SOURCE MATERIAL >>
:::

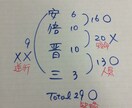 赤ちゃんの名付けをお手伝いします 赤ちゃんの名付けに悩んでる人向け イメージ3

:::

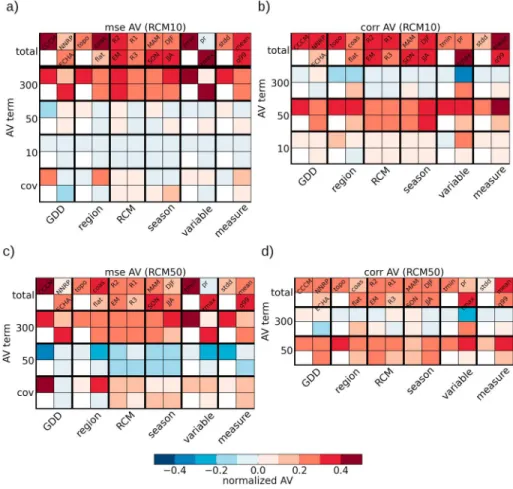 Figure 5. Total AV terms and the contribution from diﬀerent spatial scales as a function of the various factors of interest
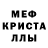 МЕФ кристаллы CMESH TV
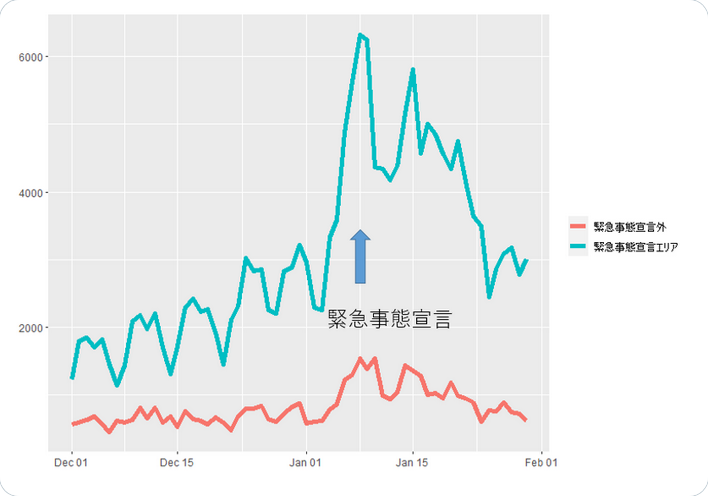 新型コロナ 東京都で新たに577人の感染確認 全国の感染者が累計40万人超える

:::

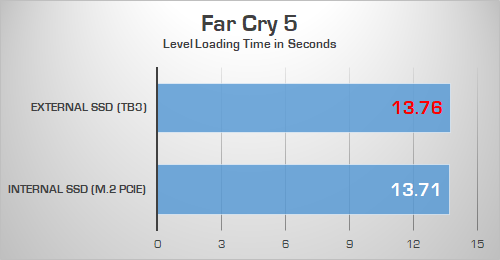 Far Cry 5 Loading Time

:::

WHAT IS NEEDED >>
Starting with the line that has "МЕФ кристаллы CMESH TV" and ending with the line that has "新型コロナ 東京都で新たに577人の感染確認 全国の感染者が累計40万人超える", repeat the lines above exactly, omitting every picture.

RESPONSE AREA >>
 МЕФ кристаллы CMESH TV
 新型コロナ 東京都で新たに577人の感染確認 全国の感染者が累計40万人超える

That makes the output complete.